*** Block opens ***

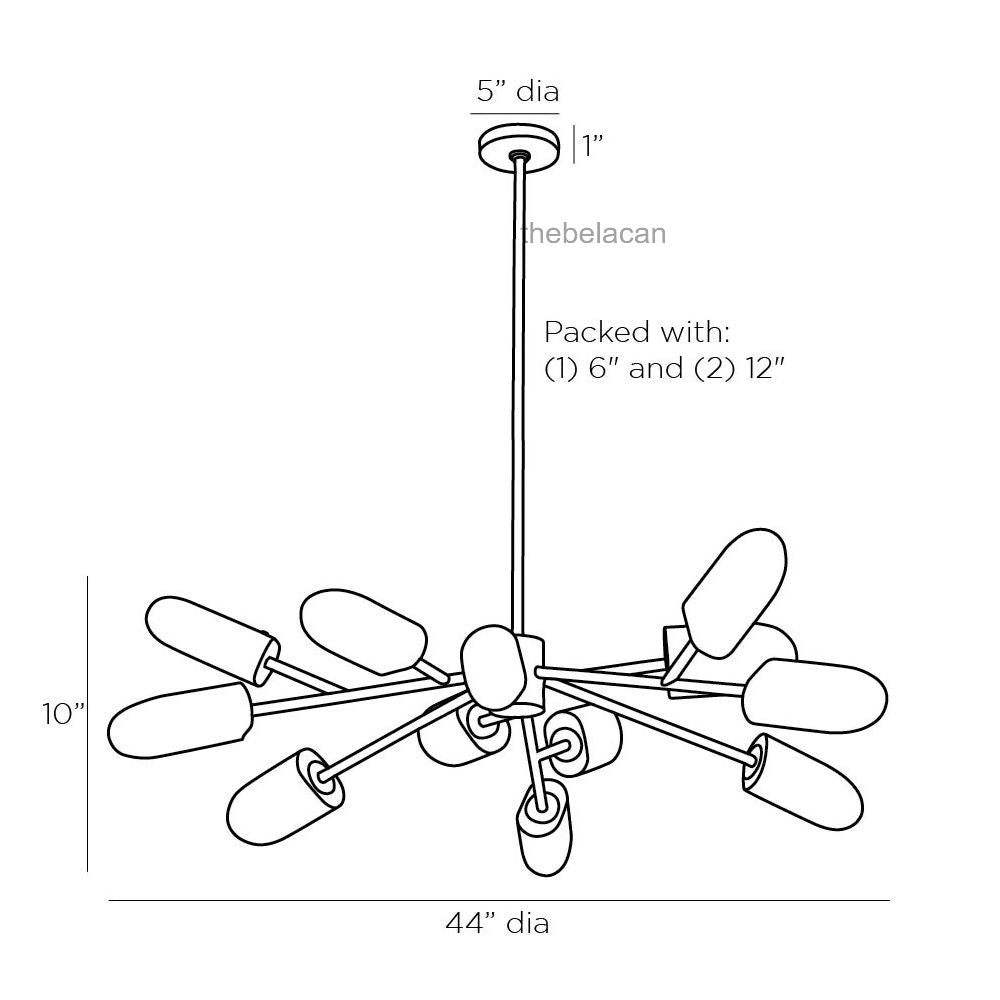 JavLuxe Chandelier - thebelacan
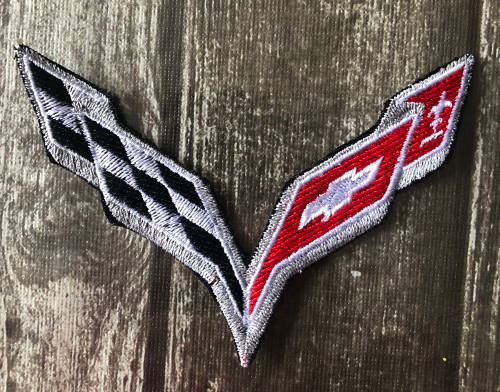 Racing suit patch 7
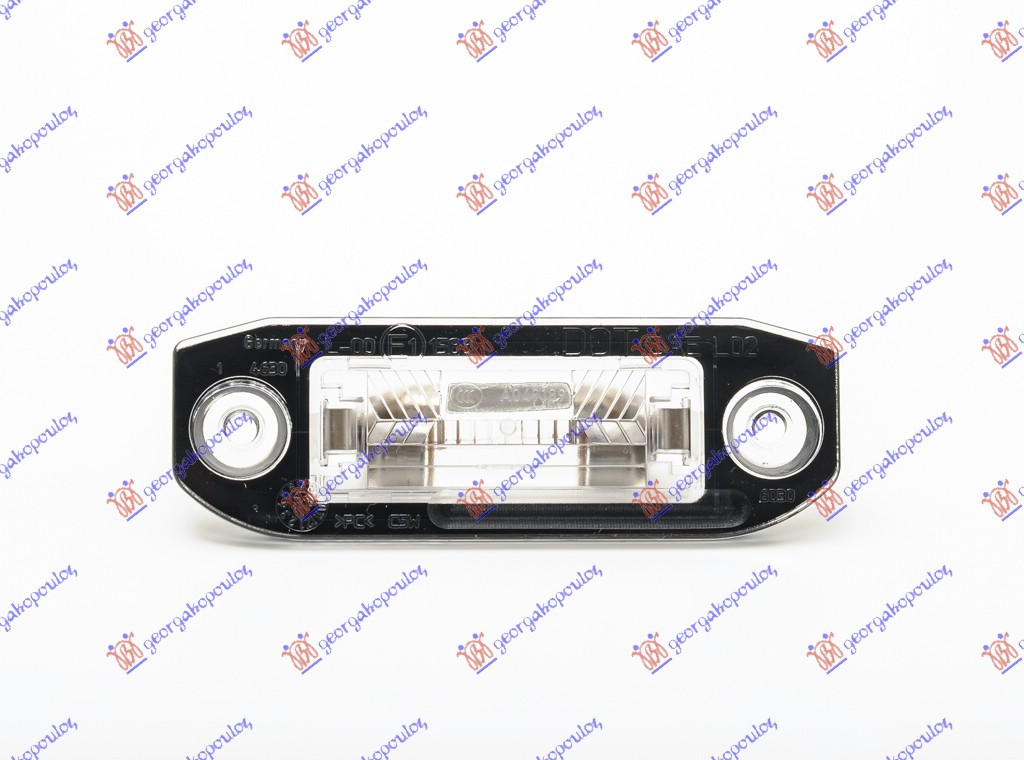 SVETLO TABLICE VOLVO C30 2007-2010 (533)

*** Block closes ***

## Assignment
Return the whole listing exactly, minus its pictures.

## Output for this task
 JavLuxe Chandelier - thebelacan
 Racing suit patch 7
 SVETLO TABLICE VOLVO C30 2007-2010 (533)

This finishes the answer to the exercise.